### What you need to do:
When the records are reproduced, each one must match exactly, and no picture may be kept.

Data extract: Begin

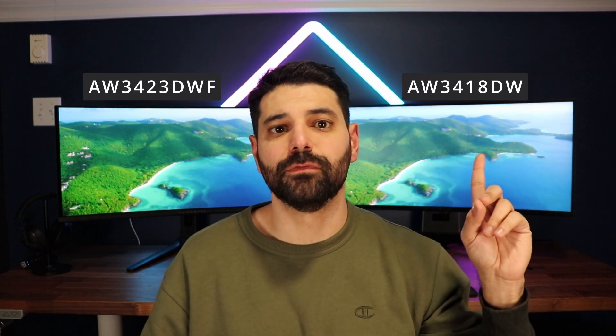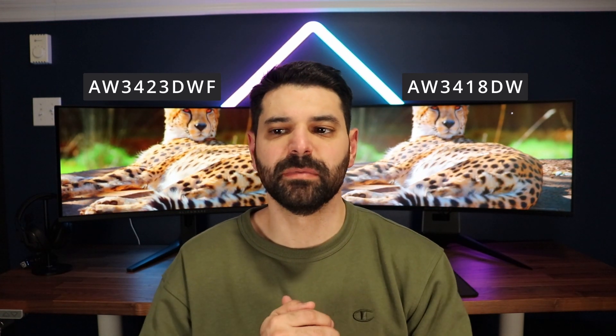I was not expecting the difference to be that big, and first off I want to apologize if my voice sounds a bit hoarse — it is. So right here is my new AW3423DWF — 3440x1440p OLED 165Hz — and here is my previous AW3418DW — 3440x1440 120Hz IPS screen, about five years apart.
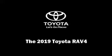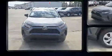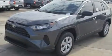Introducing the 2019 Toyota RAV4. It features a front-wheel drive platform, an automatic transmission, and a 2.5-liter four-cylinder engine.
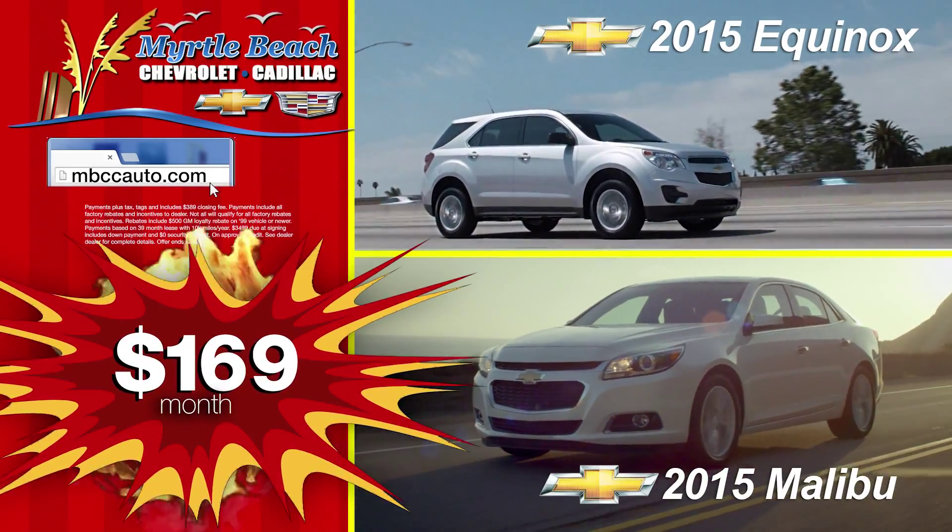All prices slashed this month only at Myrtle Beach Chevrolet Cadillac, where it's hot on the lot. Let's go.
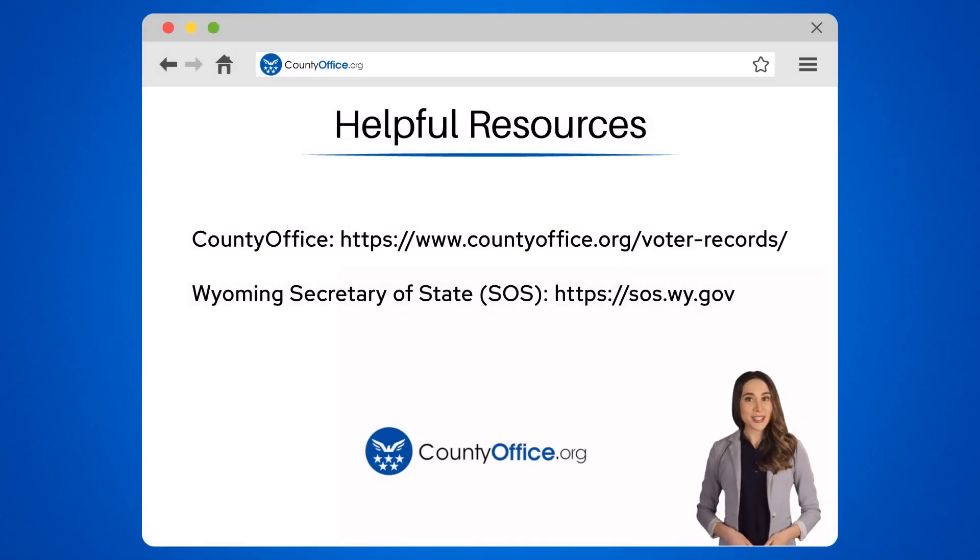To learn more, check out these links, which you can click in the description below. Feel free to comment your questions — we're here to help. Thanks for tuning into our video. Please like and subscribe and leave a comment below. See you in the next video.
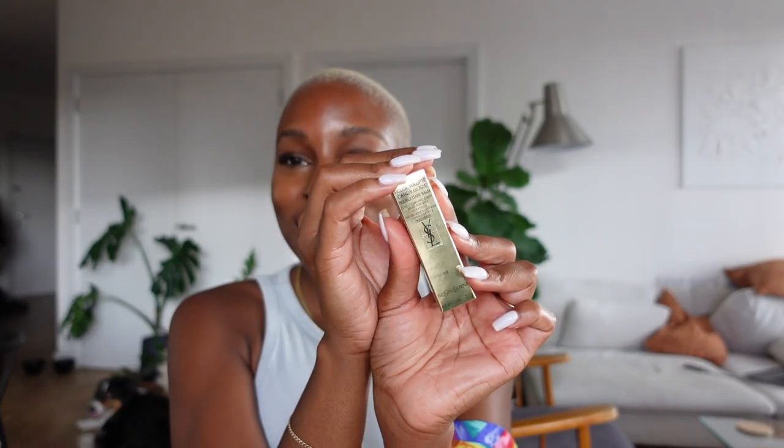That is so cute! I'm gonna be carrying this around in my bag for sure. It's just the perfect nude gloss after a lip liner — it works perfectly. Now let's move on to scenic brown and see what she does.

Data extract: End

### Final answer:
I was not expecting the difference to be that big, and first off I want to apologize if my voice sounds a bit hoarse — it is. So right here is my new AW3423DWF — 3440x1440p OLED 165Hz — and here is my previous AW3418DW — 3440x1440 120Hz IPS screen, about five years apart.
Introducing the 2019 Toyota RAV4. It features a front-wheel drive platform, an automatic transmission, and a 2.5-liter four-cylinder engine.
All prices slashed this month only at Myrtle Beach Chevrolet Cadillac, where it's hot on the lot. Let's go.
To learn more, check out these links, which you can click in the description below. Feel free to comment your questions — we're here to help. Thanks for tuning into our video. Please like and subscribe and leave a comment below. See you in the next video.
That is so cute! I'm gonna be carrying this around in my bag for sure. It's just the perfect nude gloss after a lip liner — it works perfectly. Now let's move on to scenic brown and see what she does.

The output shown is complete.